Biographie de Sir Edmund Andros

 

Sir Edmund Andros (1637-1714), un gouverneur colonial anglais en Amérique, était un administrateur capable quoique arbitraire. Parce que son régime était en conflit avec les intérêts des dirigeants puritains coloniaux, il est devenu un symbole de l'oppression.

Edmund Andros est né à Londres le 6 décembre 1637. Il descendait de l'aristocratie féodale de Guernesey et son père était maître de cérémonie à la cour de Charles. La famille était royaliste pendant la guerre civile de l'Angleterre, et Andros a servi dans l'armée après la restauration. En 1666, il est allé en tant que major avec un régiment d'infanterie pour protéger les Antilles britanniques contre les Hollandais.
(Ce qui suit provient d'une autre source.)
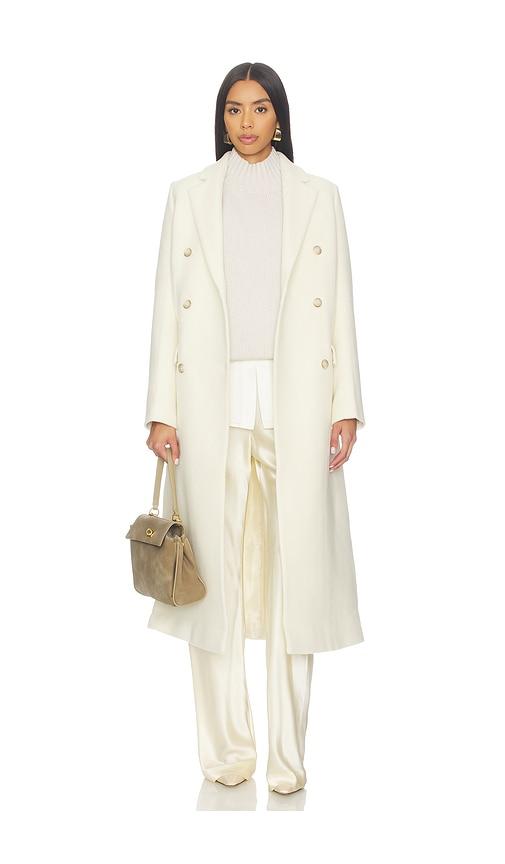samsoe samsoe falcon coat in cream.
Six ans plus tard, il devint landgrave dans la colonie de Caroline, mais s'intéressa peu à cette entreprise, peut-être parce que, à la mort de son père en 1674, il devint à la fois bailli de Guernesey et gouverneur des possessions américaines du duc d'York.
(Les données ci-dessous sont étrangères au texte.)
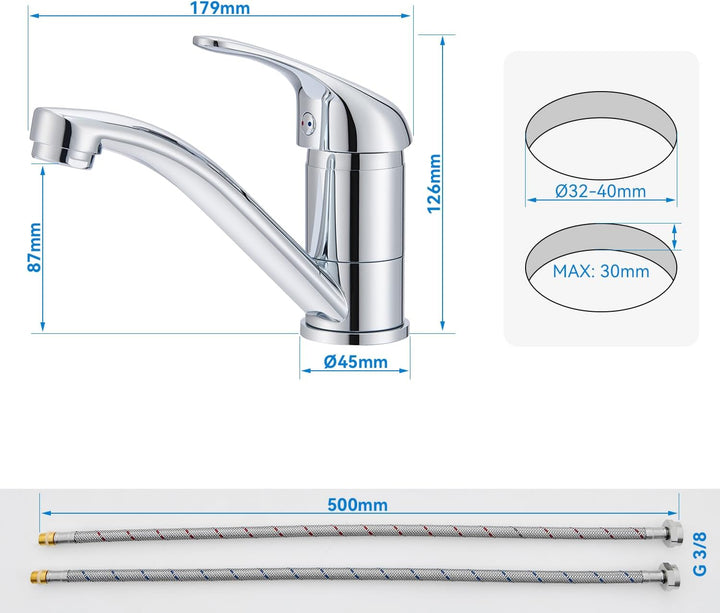 Wasserhahn Bad Klein Waschtischarmatur, Waschbecken Armaturen 360° Drehbar, Armatur Badezimmer Einhe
Bien que tourmenté par la controverse avec les propriétaires du New Jersey, les colons hollandais qui ne respectaient pas la réglementation britannique, et les problèmes de frontières avec le Connecticut, Andros gouverné

New York avec un succès raisonnable, notamment pour défendre sa frontière indienne et gagner l'amitié iroquoise. Pourtant, les frictions avec les colons augmentèrent, et, bien qu'une enquête ait par la suite permis à Andros d'être accusé d'irrégularités financières et de favoritisme dans les permis de commerce, il fut rappelé en Angleterre. Son chevalier en 1681 et d'autres honneurs montrent qu'il était toujours estimé par la famille royale. Après que le duc de York devint James II, Andros fut nommé à la tête du Dominion de Nouvelle-Angleterre le 3 juin 1686.
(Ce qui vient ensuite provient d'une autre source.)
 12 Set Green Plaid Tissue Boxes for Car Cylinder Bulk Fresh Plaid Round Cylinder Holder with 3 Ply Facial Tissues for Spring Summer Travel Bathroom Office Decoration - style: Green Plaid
La tentative de fusionner les colonies septentrionales séparées de l'Angleterre en un seul dominion fut extrêmement impopulaire en Amérique, et la réputation d'Andros en souffrit. Les colons de la Nouvelle-Angleterre n'ont jamais apprécié la nécessité de consolider les défenses contre les Français et les Indiens, et ils ont surtout hésité à remplacer leurs propres assemblées représentatives par un conseil consultatif unique et nominatif. (Leur résistance à la réimposition des taxes existantes fut rapidement supprimée.) Au début, les marchands et les grands propriétaires terriens soutinrent Andros, mais son application vigoureuse des lois de navigation, ses efforts pour éliminer la piraterie, refus de promouvoir la spéculation foncière et insister sur la confirmation. des titres fonciers les aliénaient. Les ecclésiastiques puritains, indignés quand il autorisait les services épiscopaux à Boston, complotèrent une rébellion. Lorsque les nouvelles sont arrivées que William d'Orange a atterri en Angleterre, les Bostoniens se sont levés et ont capturé Andros et plusieurs fonctionnaires du Dominion. Après de longs délais, les prisonniers furent envoyés en Angleterre, où les charges retenues contre eux ne furent jamais mises en cause.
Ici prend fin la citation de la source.